In Dune, the Arrakis desert contains a loose oil analogue called spice. Spice powers spaceships rather than cars or factories. The spice is a drug which sparks telepathic and precognitive abilities and pilots must take it to steer from planet to planet. The Fremen have been made into super fighters by the harsh conditions of Arrakis. Paul takes the spice to become a prophet, and capitalizes on the misery of the Fremen when they become his warriors and sweep away all before them.
Paul’s divinity and power comes from his ability to capitalize on the resources and pain of others. On the surface, Mighty Whitey characters are superior because of their whiteness. But dig a little deeper, and their powers are borrowed or, more accurately, stolen. They are godlike because they’ve appropriated the labor and wealth of others. Paul claims to be wracked with guilt because he sees a future in which he leads the Fremen in a path of bloody destruction across the universe. But really the guilt is for his present glory, built on blood and a deceit that the story won’t, and can’t, quite acknowledge.
A novel that does acknowledge it is Tasha Suri’s 2018 epic fantasy Empire of Sand. Like Dune, Suri’s book is set in a desert and features an incredibly powerful leader, the Maha. Paul’s eyes are blue, because of the spice he takes; the Maha’s pupils have “points of light within them, light as sharp and jagged as shattered glass.” And like Paul, the Maha has a terrifying attraction. Mehr, the novel’s heroine, fears that, “If [the Maha] had wanted to make me love him, I think he could have.”
The Maha is an ageless emperor whose subjects adore and fear him. But his power doesn’t come from himself. Instead, it comes from people like Mehr.
Mehr is a member of the Amrithi, a people who have an intimate connection with daiva, or desert spirits. Amritihi dancing rituals can control the gods. The Maha enslaves Amritihi and forces them to pray for his power and his empire. He’s larger than life because he’s taken other people’s lives and added them to his own.
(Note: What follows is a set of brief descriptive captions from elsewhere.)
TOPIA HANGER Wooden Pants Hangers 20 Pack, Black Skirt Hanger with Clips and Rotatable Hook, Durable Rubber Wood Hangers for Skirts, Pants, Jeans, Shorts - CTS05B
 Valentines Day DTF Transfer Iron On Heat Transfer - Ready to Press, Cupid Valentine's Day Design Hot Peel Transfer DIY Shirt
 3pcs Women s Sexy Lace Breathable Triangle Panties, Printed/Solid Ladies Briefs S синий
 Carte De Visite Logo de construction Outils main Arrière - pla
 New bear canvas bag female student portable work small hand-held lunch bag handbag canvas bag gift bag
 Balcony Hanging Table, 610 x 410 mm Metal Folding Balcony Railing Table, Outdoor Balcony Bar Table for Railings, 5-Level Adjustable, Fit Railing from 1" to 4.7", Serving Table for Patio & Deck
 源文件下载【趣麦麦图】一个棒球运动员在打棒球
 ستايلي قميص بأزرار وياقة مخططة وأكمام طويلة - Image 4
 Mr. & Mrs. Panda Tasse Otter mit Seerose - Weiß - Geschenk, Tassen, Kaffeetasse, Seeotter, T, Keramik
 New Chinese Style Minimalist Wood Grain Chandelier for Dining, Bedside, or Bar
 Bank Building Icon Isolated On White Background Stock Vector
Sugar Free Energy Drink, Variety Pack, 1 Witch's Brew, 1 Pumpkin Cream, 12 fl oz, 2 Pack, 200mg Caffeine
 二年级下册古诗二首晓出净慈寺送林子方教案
“Without the dreamfire, you’re nothing but a man who likes to hurt people,” Mehr tells the Maha towards the book’s conclusion. The dreamfire in Empire of Sand is the connection to the gods — but it’s also just other people’s stuff and other people’s labor. Paul is a ninja/computer/prophet/king/mighty whitey only as long as the Fremen aren’t free. When they get their liberty, Tasha Suri suggests, we’ll have fewer god emperors, and maybe a more just world.